Allow to write "lines" directly, not just Point objects.

aadrian commented 8 years ago

Please allow to write lines (strings) (as in the line protocol) directly, not just Point objects.

Especially when some of the data is coming from other systems already respecting the line protocol, it makes no sense to parse it, make Point objects so that the API makes them back strings and sends to the DB.

Thank you.

majst01 commented 8 years ago

Hi @aadrian

Im happy to accept PR Requests for that. You can start adding a new method here:

https://github.com/influxdb/influxdb-java/blob/master/src/main/java/org/influxdb/InfluxDB.java#L134

for example public void write(final String lineprotocol);

and then add the implementation into: https://github.com/influxdb/influxdb-java/blob/master/src/main/java/org/influxdb/impl/InfluxDBImpl.java#L171

Also add some Tests to verify your code works correct.

Greetings Stefan

andrewdodd commented 8 years ago

I question the value of this feature request.

@aadrian or @antjori or @slomek, could you supply a good example of where this functionality is really needed?

I just don't "get" it. In particular,

If you already have a system that creates data in the line protocol, why are you using this library?
Why not send the data directly from that system? OR
If you really need this library for some reason, why not change the existing system to NOT make line protocol strings and defer that responsibility to this library?

This library provides a pretty narrow set of features. It is pretty tightly bound to the influx DB and the features it supports; and currently I think the abstractions in the library are pretty good at doing their job.

Also, by letting the influx-java library do the translation to the line protocol you get an additional benefit: You can pick the version of the influx-java library that implements the same version of the line protocol that your influxDB is using.

As an aside, this request is basically allowing a side-door, effectively an "unsafe" mode. Before it is really considered I would like some thinking in the areas of:

Should this function validate the provided lines?
- Yes -> Well then you've just moved the 'need to parse' into the library. Also, do you have to supply the version of the line protocol you are using, so that the library knows how to do the parsing?
- No -> Then the library is just a pipe.
Should the lines provided in this way be batched? (if the batching is enabled)
- If not, then should they have priority over records that are being batched?
- If yes, how should the lines be stored in the batch processor? As strings? Or parsed and stored as Point objects?

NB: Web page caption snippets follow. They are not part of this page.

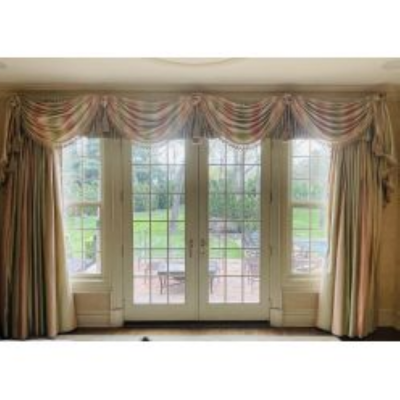 Scalamandre Window Treatments Curtains Drapery Rainbow Stripe Fringed Lined
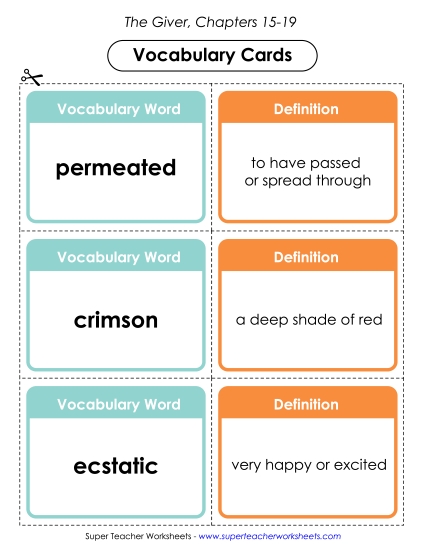 Chapters 15-19 - Vocab. Cards for Chapters 15-19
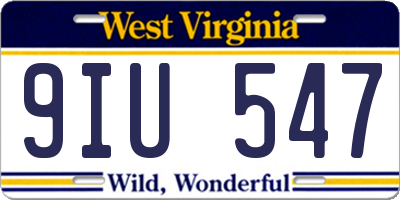 WV license plate 9IU547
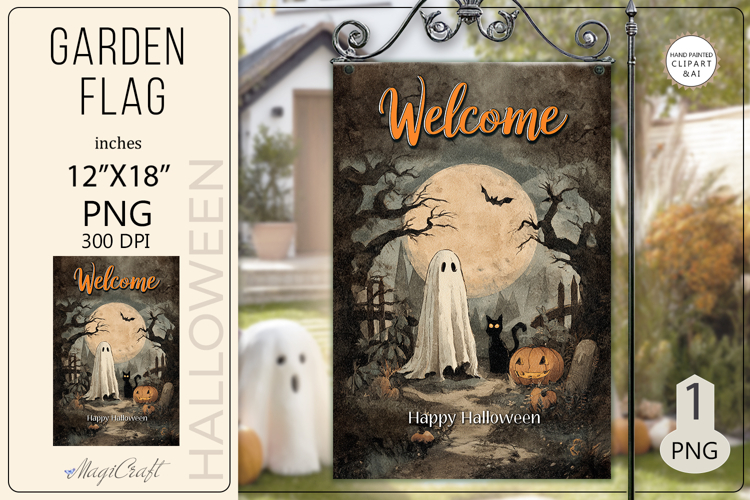 Halloween Garden flags|Halloween Sublimation pumpkin ghost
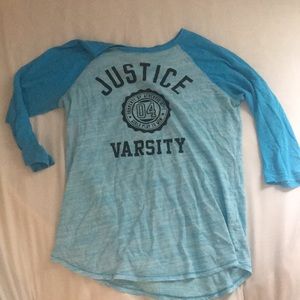 Justice blue baseball style half sleeve shirt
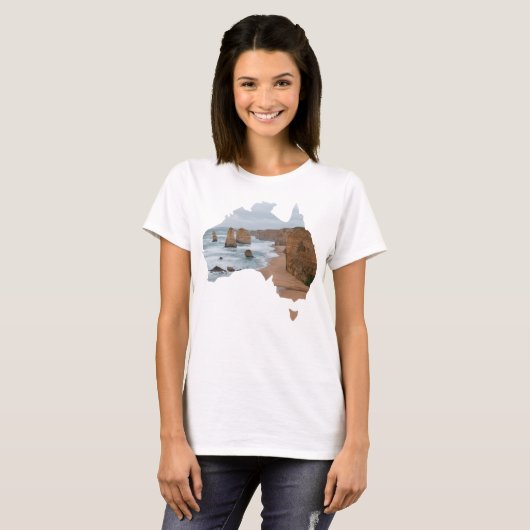 Australië Country Shape Apostles Great Ocean Road T-shirt (Voorkant volledig)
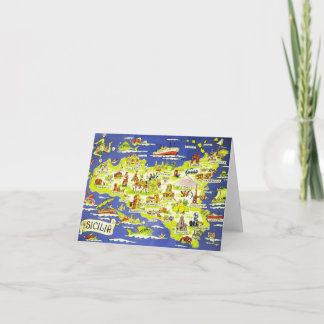Afbeeldingen van Sicilië Blauw Gevouwen Kaart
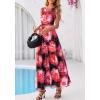 imageBTFBM Summer Dresses for Women 2026 Floral Maxi Dress Sleeveless Mesh Flowy Long Sundress Beach Vacation Clothes PocketsBlack Red Flower
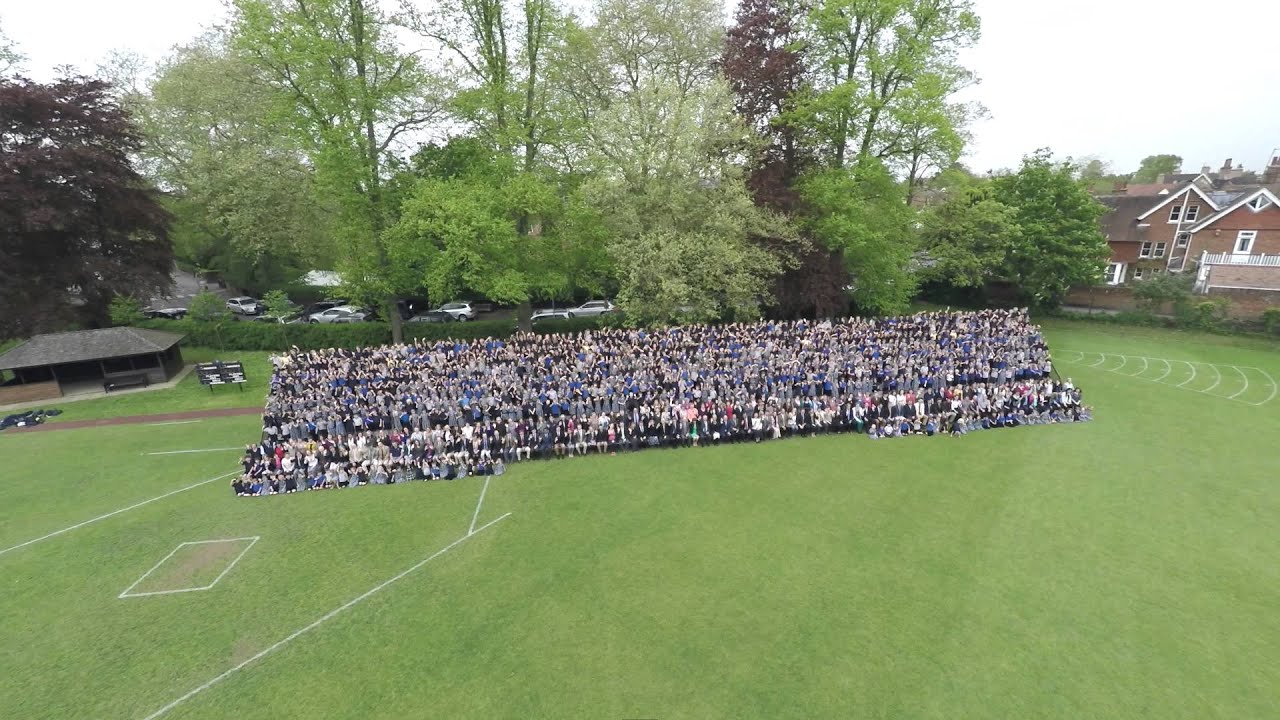 Dragon School, Oxford. Aerial Large School Group Photograph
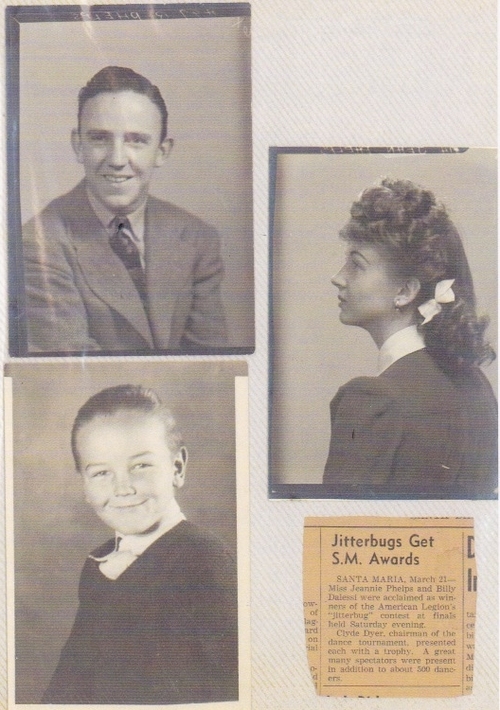 1940s vintage photos of Jean veloz with  a photo of her brother and a news clipping about being winning Jitterbugs. Jean is wearing a stunning 1940s hairstyles with hairbow. 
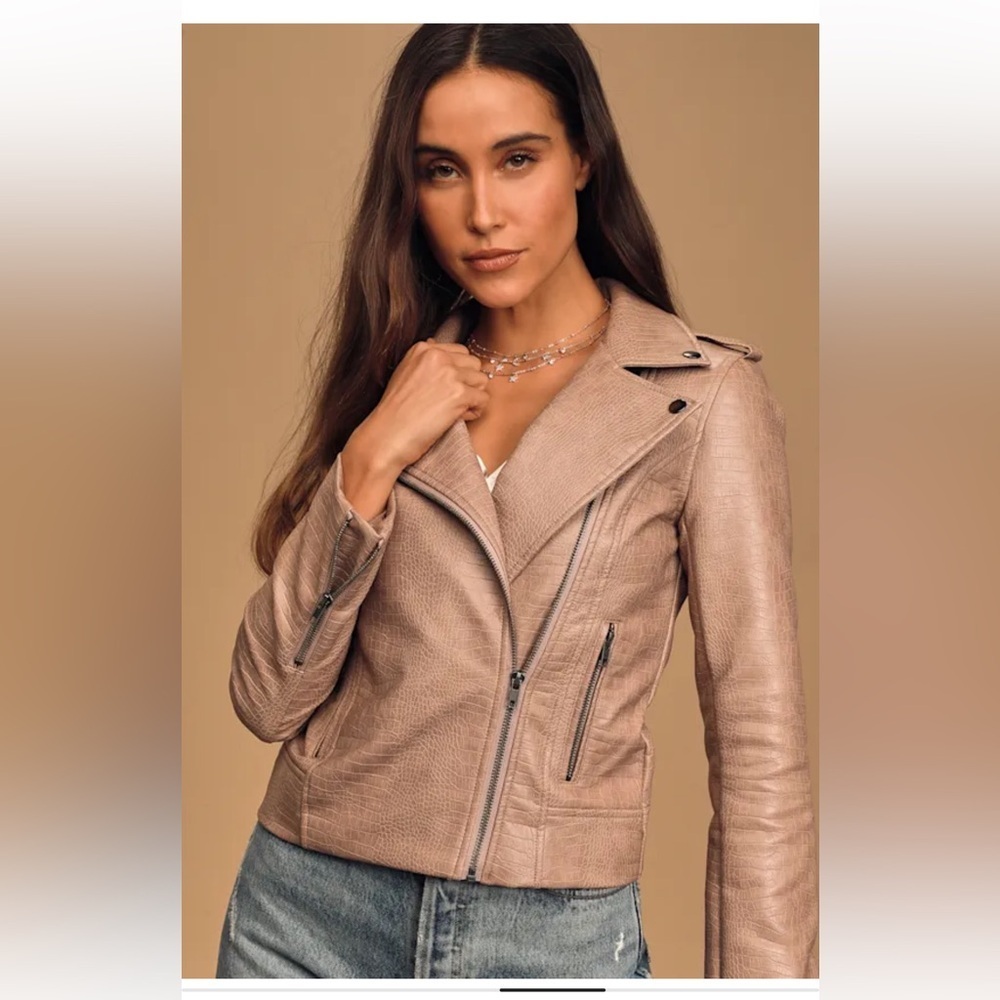 B.B Dakota Taupe Vegan Leather Moto Jacket - Size Small - NEW - Picture 3 of 10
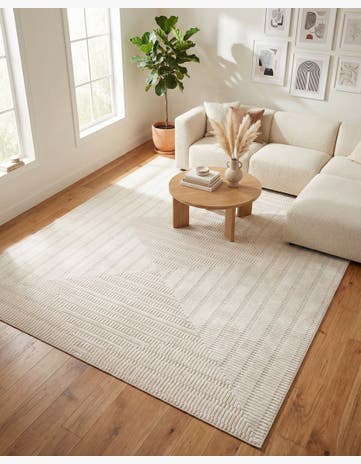 Ivory White Textura Designer Rug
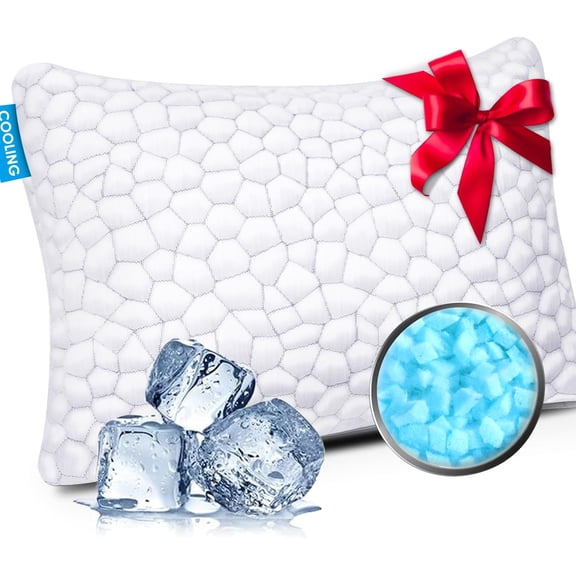 Cooling Bed Pillows for Sleeping 1 Pack Shredded Memory Foam Pillows Adjustable Cool Pillow for Side Back Stomach Sleepers Luxury Gel Pillows Standard Size, for Women Men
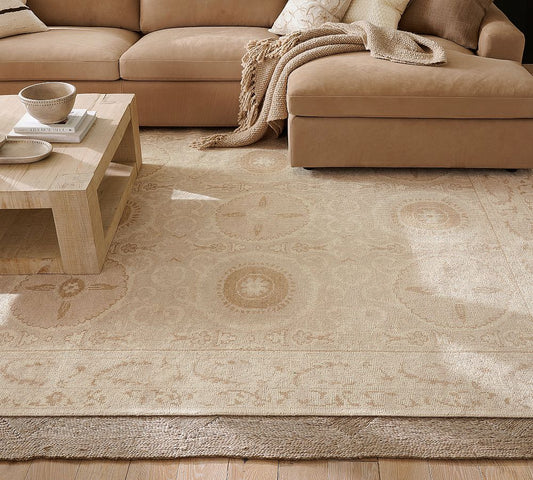 Alanya Hand Knotted Soft Neutral Contemporary Rug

aadrian commented 8 years ago

I question the value of this feature request.

If I'm pumping millions of data lines very fast (in a few seconds), than the "Point" object creation overhead is just too huge. Considering that data is coming from different systems, and some already have the data in the required line format, creating "Point" objects just for the OO's sake makes no sense IMHO.

At the moment this is not possible at all with the current API.

Then the library is just a pipe

What is a driver API (like the JDBC one) if not just a "smarter pipe" ?

andrewdodd commented 8 years ago

Ok, I guess this makes sense, but it feels like you have cherry-picked the parts of my enquiry you would like to answer and ignored the rest.

Why not just send your millions of lines of data from the existing system? You must have an implementation of the line protocol in there already (which you are going to have to keep up-to-date with any changes on the InfluxDB end). The API for InfluxDB is pretty basic?

And the questions about validation and batching?

Aside: I can't say I'm very well versed in JDBC technologies, but mostly they about providing Java-language abstractions to database concepts and providing a way to formalise access to different database products. This library doesn't really fit the bill here, as it ONLY talks to Influx. In many ways, this library is really more like an ORM for InfluxDB than a JDBC driver.

majst01 commented 8 years ago

Hi @aadrian can you give some numbers how big the impact on object creation is in you use case. I ask because especially object creation is a very fast operation in the jdk nowadays.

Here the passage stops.